Here, the Supreme Court's conclusion that Zere was the procuring cause of the 2005 construction contract is supported by Parr's admission, in the May 29, 1998, letter, that Zere would be recognized “as the broker who brought about this agreement ” (emphasis added), thereby admitting that Zere had “generated a chain of circumstances that proximately led to the [subject transaction]” ( Dagar Group v. Hannaford Bros. Co., 295 A.D.2d at 555, 745 N.Y.S.2d 34;see Hentze–Dor Real Estate, Inc. v. D'Allessio, 40 A.D.3d at 816, 836 N.Y.S.2d 265;Country Harbor Realty, Inc. v. Sullivan, 23 A.D.3d at 606, 804 N.Y.S.2d 790;Friedland Realty v. Piazza, 273 A.D.2d at 351, 710 N.Y.S.2d 97;Buck v. Cimino, 243 A.D.2d at 684, 663 N.Y.S.2d 635).
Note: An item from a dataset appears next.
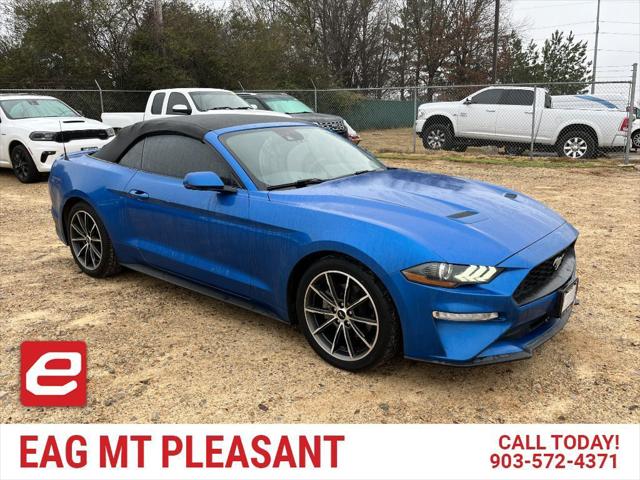 2019 Ford Mustang EcoBoost Premium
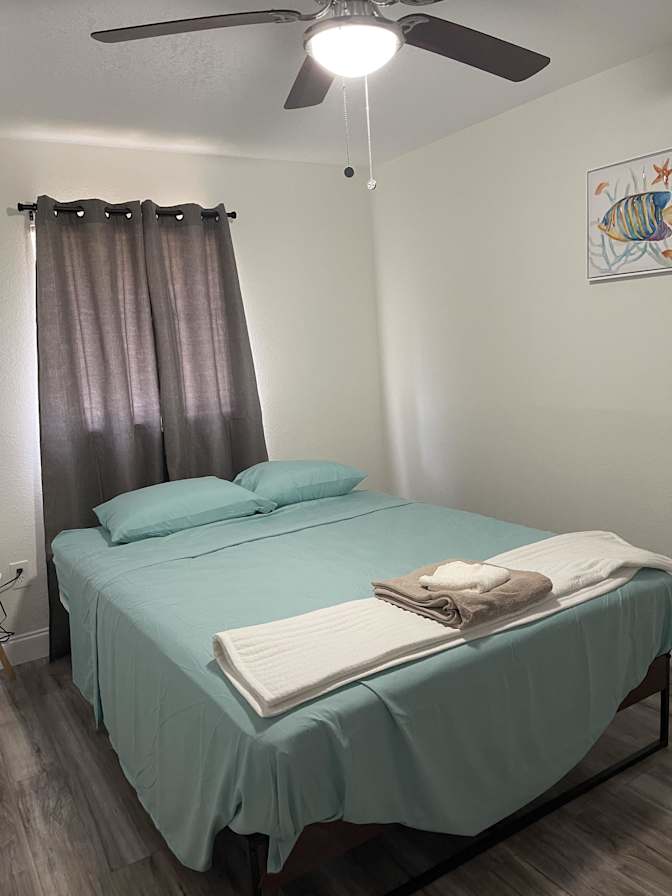 PadSplit's room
As to the Supreme Court's determination that Zere was only entitled to a commission of 1.5% of the contract amount, “[w]here the trial court is called upon to assess the credibility and weight to be accorded to divergent expert opinions, its factual determinations should not be lightly cast aside” ( JP Morgan Chase Bank v. Whitmore, 41 A.D.3d 433, 434, 838 N.Y.S.2d 142;see Hoffinger Indus., Inc. v. Alabama Ave. Realty, Inc., 68 A.D.3d 818, 820, 891 N.Y.S.2d 430;Matter of Winston, 39 A.D.3d 765, 767, 833 N.Y.S.2d 657). Rather, the “Supreme Court's firsthand assessment of the expert testimony ... is entitled to deference” ( Stratton v. Keefe, 191 A.D.2d 871, 873, 594 N.Y.S.2d 842). Here, the court was faced with divergent expert opinions as to whether the commission for brokering a large transaction such as the one here, with a construction cost of approximately $20 million, would be the usual 6% of the contract amount, or only 1 to 2%. There is no basis in the record for disturbing the court's determination to credit the defendants' expert over the plaintiff's experts.
The defendants' remaining contentions either are without merit, are improperly raised for the first time on appeal, or have been rendered academic in light of our determination.